Under the head of Mathematical and Mechanical Science, we have, in the first place, a Paper, No. 14, on the application of hydrogen gas to produce a moving power in machinery; with a description of an engine which is moved by the pressure of the atmosphere upon a vacuum caused by explosions of hydrogen gas and atmospheric air. By the Rev. W. Cécil, M.A. Fellow of Magdalen College. In this curious Paper, the author explains the application of a new

principle in the movement of machinery. As the contrivance is of a complicated nature, we cannot hope to make it intelligible without a reference to the plate accompanying the original Paper. The general principle, however, may be stated thus: there are two ways in which explosions may be applied to move machinery, either by using the expansive force of the explosion, or by taking advantage of the vacuum which it produces. The contrivance here described belongs to the latter class. A piston moves in a cylinder, and as it retreats, the space which it leaves is occupied by a mixture of hydrogen gas and atmospheric air. When this mixture has nearly filled the whole cylinder, the motion of the piston opens a small aperture, through which the flame of a lamp is drawn in, so as to produce an explosion, followed by an instantaneous condensation. The expansion of the gas during the explosion (by which it is dilated to about three times its original bulk), is provided for by two other cylinders communicating with the one already mentioned; and the vacuum produced under the piston continues the motion by means of átmospheric pressure. The author also examines the advantages of the contrivance; the best proportion of the gases; the force of the explosion; and several other particulars relating to the engine and its application; as well as to the principle of producing motion by explosions in general.

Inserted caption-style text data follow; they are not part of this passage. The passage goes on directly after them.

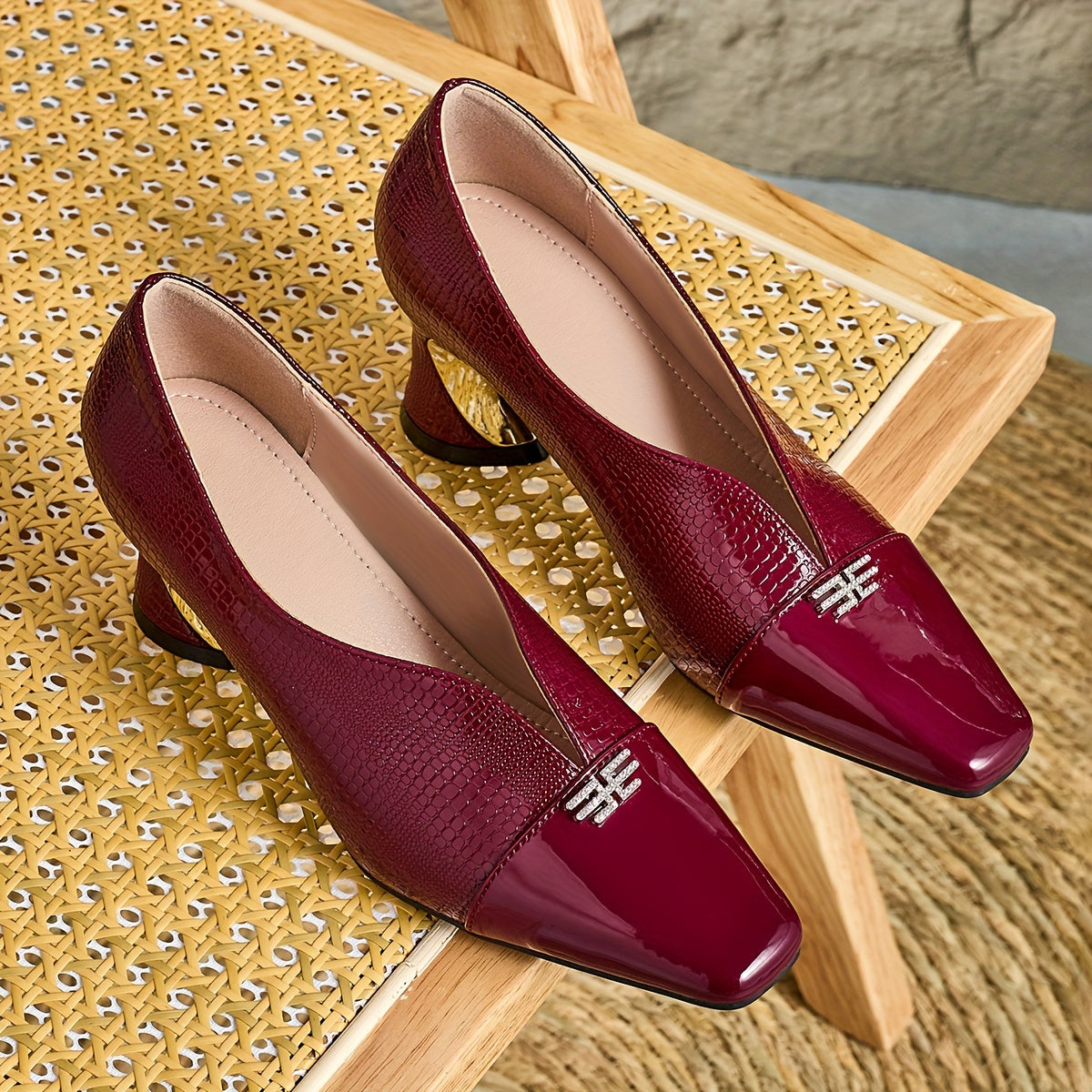 Women Fashion High Heels Small Square Toe Diamond Buckle Chunky Heel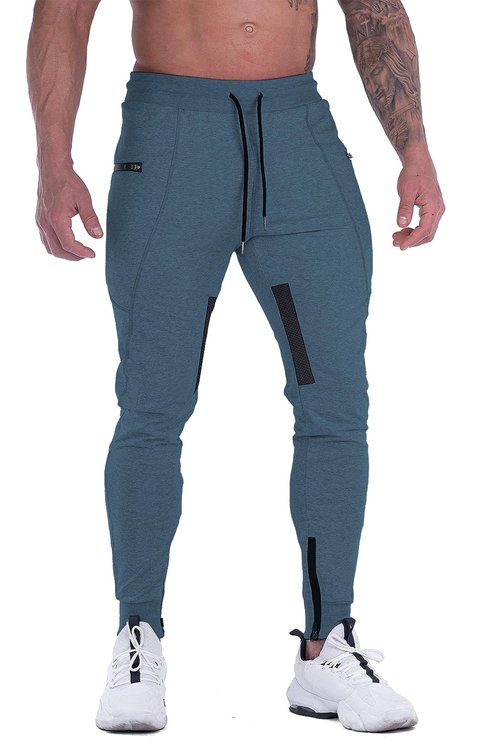 FIRSTGYM Mens Joggers Sweatpants Slim Fit Workout Training Thigh Mesh Gym Jogger Pants with Zipper Pockets Navy Blue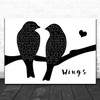 Birdy Wings Lovebirds Black & White Song Lyric Print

No. 15. On a remarkable peculiarity in the law of the extraordinary refraction of differently coloured rays exhibited by certain varieties of apophyllite. By J. F. W. Herschel, Esq. F.R.S. &c.

In a former Paper, the author had noticed some remarkable deviations from the ordinary law of tints, exhibited by some specimens of this substance. It appeared to him, on further consideration, that these specimens could not be referred exclusively either to the class of attractive or of repulsive doubly refracting crystals, nor to the intermediate class, which is devoid of the property of doubly refracting. They appeared to belong at once to all three classes of media just mentioned. Possessing the property of attractive crystals, when exposed to the rays forming one extreme of the spectrum, and of repulsive, in their action on the other extreme; while for certain intermediate rays, they were altogether devoid of the property of double refraction. Mr. H. was led to these inferences from certain mathematical considerations, which were fully confirmed by experiment.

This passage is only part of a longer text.